B. Motion to Transfer
Alternatively, Defendants contend that relevant factors support a change of venue to the Eastern District of California. On a motion to transfer, the burden is on the defendant to show that the convenience of parties and witnesses and the interest of justice require transfer to another district. See CFA Northern Cal., Inc. v. CRT Partners LLP, 378 F. Supp. 2d 1177, 1185 (N.D. Cal. 2005). Title 28, United States Code, section 1404(a) provides that "[f]or the convenience of parties and witnesses, in the interest of justice, a district court may transfer any civil action to any other district or division where it might have been brought." The Ninth Circuit has held that a fourth factor for the court to consider is the plaintiff's choice of forum.

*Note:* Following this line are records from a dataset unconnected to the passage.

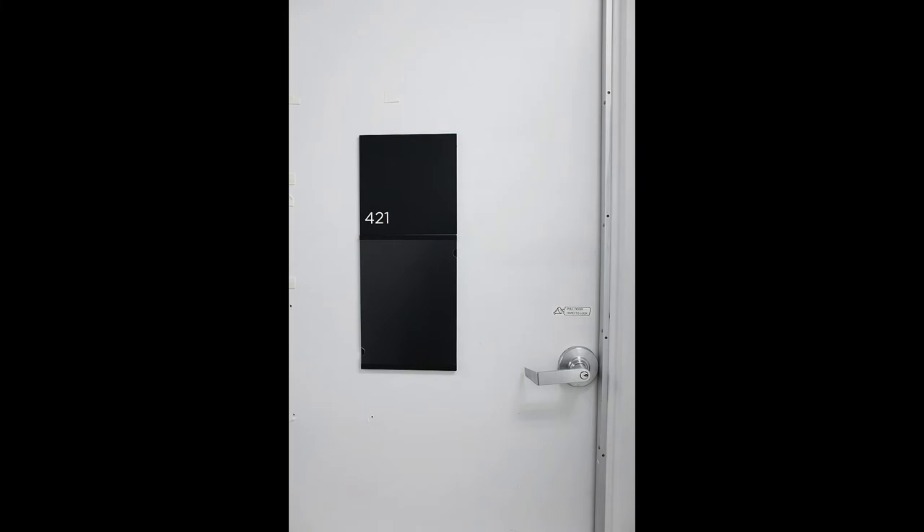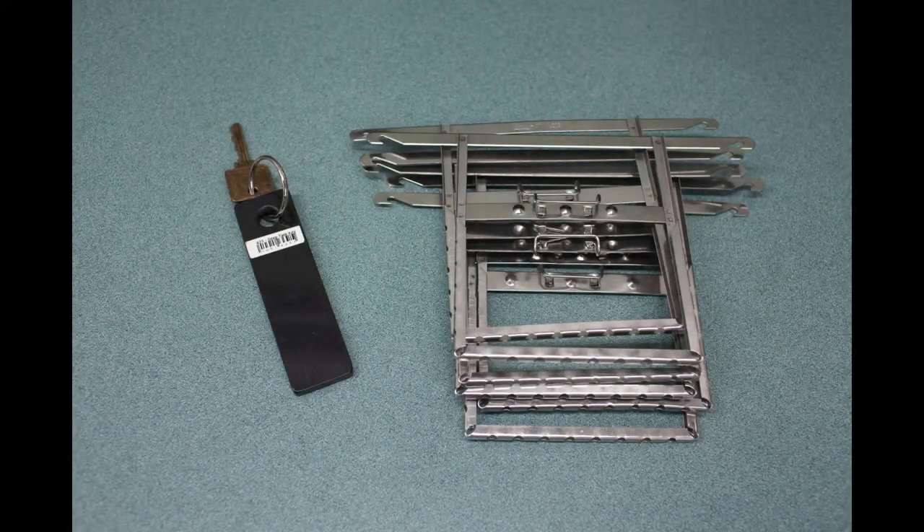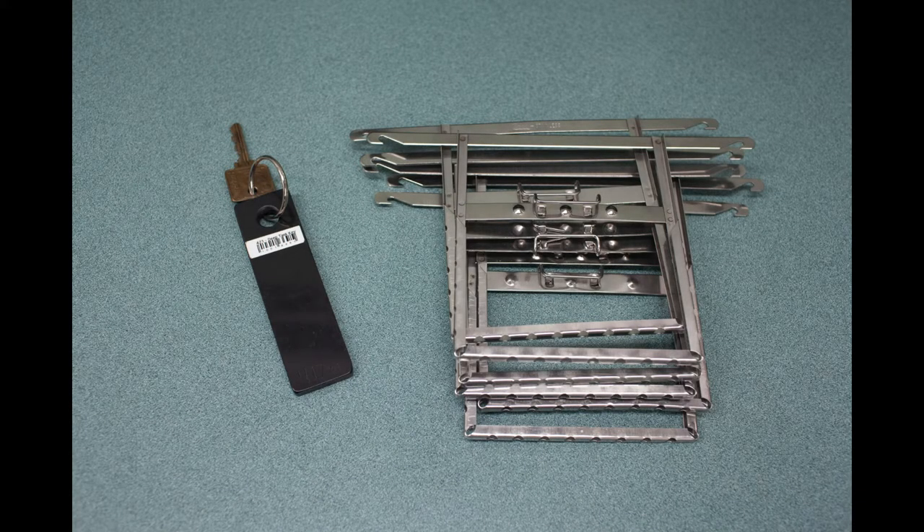4x5 film can be processed in room 421 at OCAD. The door stays locked, so you need to check out a key for it from the case. Only one person can process film in the room at a time. You also need to check out film hangers from the photo case — each sheet of film will require one hanger.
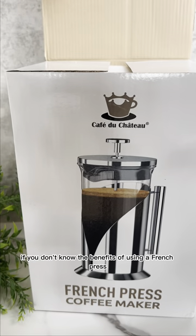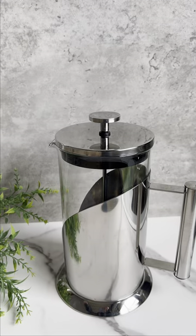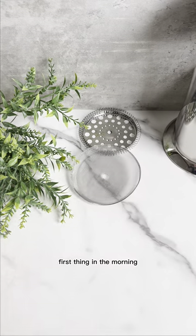If you don't know the benefits of using a French press over traditional paper filters, this video is for you. A French press makes all the difference when it comes to the taste of your favorite brew first thing in the morning.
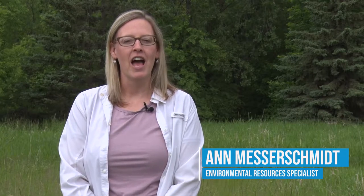Hi, I'm Ann Messerschmidt, the Environmental Resources Specialist with the City of Lakeville, and we're here to talk today about the Minnesota Noxious Weed List, and specifically Common Teasel as well as Cutleaf Teasel.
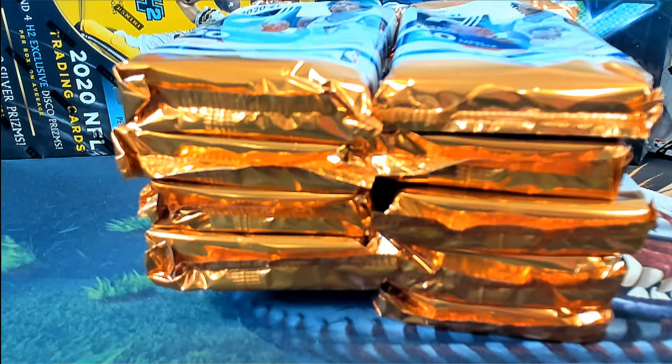Hey guys, this is a 2021 Panini Donruss basketball. This is number 130 — good luck guys.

CFA, 378 F.Supp.2d at 1185; see also Securities Investor Protection Corp. v. Vigman, 764 F.2d 1309, 1317 (9th Cir. 1985). The purpose of Section 1404(a) is to "prevent the waste `of time, energy, and money' and `to protect litigants, witnesses and the public against unnecessary inconvenience and expense[.]'" Van Dusen v. Barrack, 376 U.S. 612, 616 (1964). However, "unless the balance of factors is strongly in favor of the defendants, the plaintiff's choice of forum should rarely be disturbed."Securities, 764 F.2d at 1317.

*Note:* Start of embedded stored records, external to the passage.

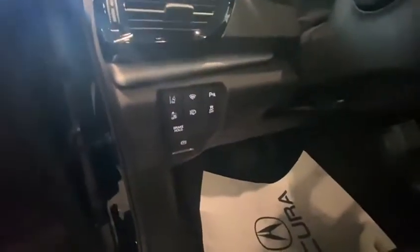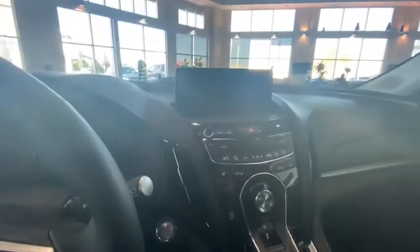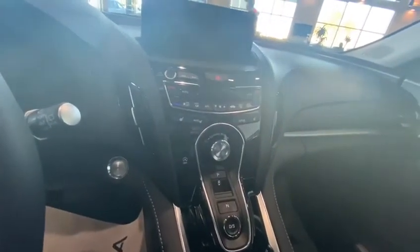Inside you get an upgraded sound system, all your safety sensors such as lane assist and front collision sensors, Bluetooth, adaptive boost control, lane keep assist, a big screen with a true touchpad, heated seats, and all your drive modes.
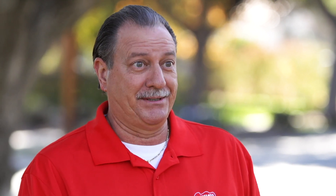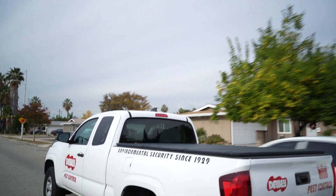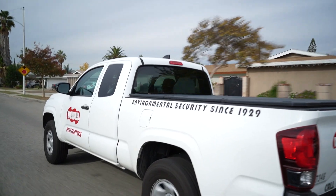Not only is Dewey the right choice, it's the best choice due to the fact that we've been serving California, family-owned, since 1929.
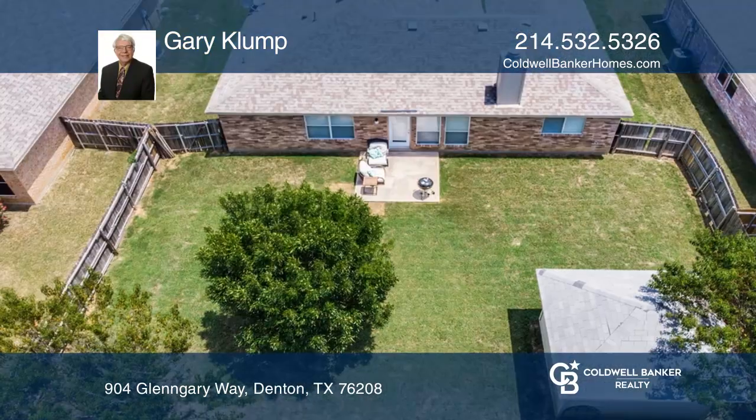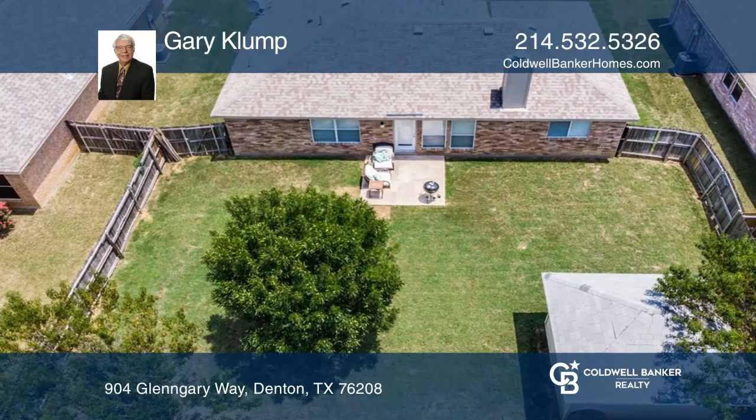Welcome home to this upgraded 3-bedroom, 2-bath, 2-car garage residence near Ryan High School.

Determination of a motion to transfer lies within the broad discretion of the district court and is based on individualized considerations of convenience and fairness. See Jones, 211 F.3d at 498. The party moving for transfer of venue must establish (1) that venue is proper in the transferor district; (2) that the transferee district is one where the action might have been brought; and (3) that the transfer will serve the convenience of the parties and witnesses and will promote the interest of justice. Goodyear Tire Rubber Co. v. McDonnell Douglas Corp., 820 F. Supp. 503, 506 (C.D. Cal. 1992).

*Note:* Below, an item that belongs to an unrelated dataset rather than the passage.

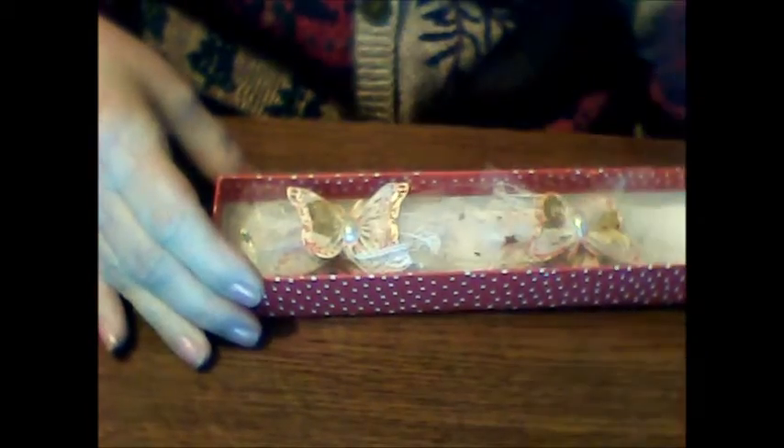Let me just snip off the ends here. There we go. Make sure I get them both. Let's check it out. Oh, look how pretty!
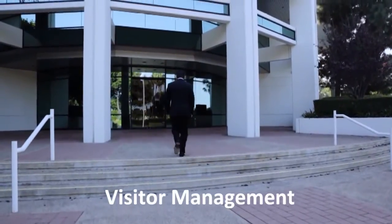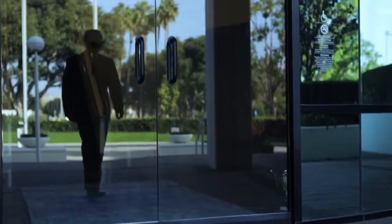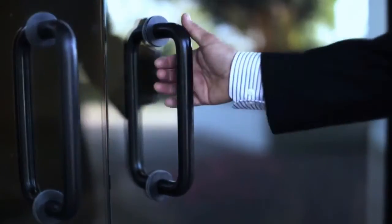Know who's in your building at all times. You can say goodbye to the pencil and paper sign-ins because visitor management has gone electronic. It's the most effective and professional looking way to rapidly process and identify visitors that are entering your premises.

In their motion, Defendants argue that venue in this matter is only proper in California because "Defendants are both California residents, because the hotel at issue in this case is located in California, and because all of Defendants' alleged actions/inactions, as well as Plaintiff's investigation thereof, took place in California." Mot. (doc. 5) at 2. Additionally, Defendants assert that the transfer will serve the convenience of their witnesses. Id. at 3. Defendants maintain that all of their witnesses that will testify at trial live in California.Id. However, these factors alone do not sufficiently support a change of venue to the Eastern District of California.
It is undisputed that Best Western is an Arizona non-profit corporation, which is organized under the laws of Arizona and employs most of its employees in Arizona. It is also undisputed that the Agreement, which is at the crux of this lawsuit, was executed in Arizona. Moreover, Plaintiff chose the present forum for this litigation and the Court must give weight to Plaintiff's choice of forum. Defendants agreed to this forum and venue pursuant to the terms of the Agreement. According to the agreement, Defendants also acknowledged and agreed that "the majority of Best Western's records and employees are in Phoenix, Arizona, and that Phoenix, Arizona is the most convenient locale for actions between [the parties]." Exbt. A (doc. 7) at ¶ 38. Upon consideration of these relevant factors, and in the interest of the administration of justice, the Court has determined that Defendants' motion to transfer venue to the Eastern District of California, shall be denied.
Therefore,
IT IS ORDERED Defendants' Motion to Dismiss or Transfer Venue (doc. 5) is DENIED.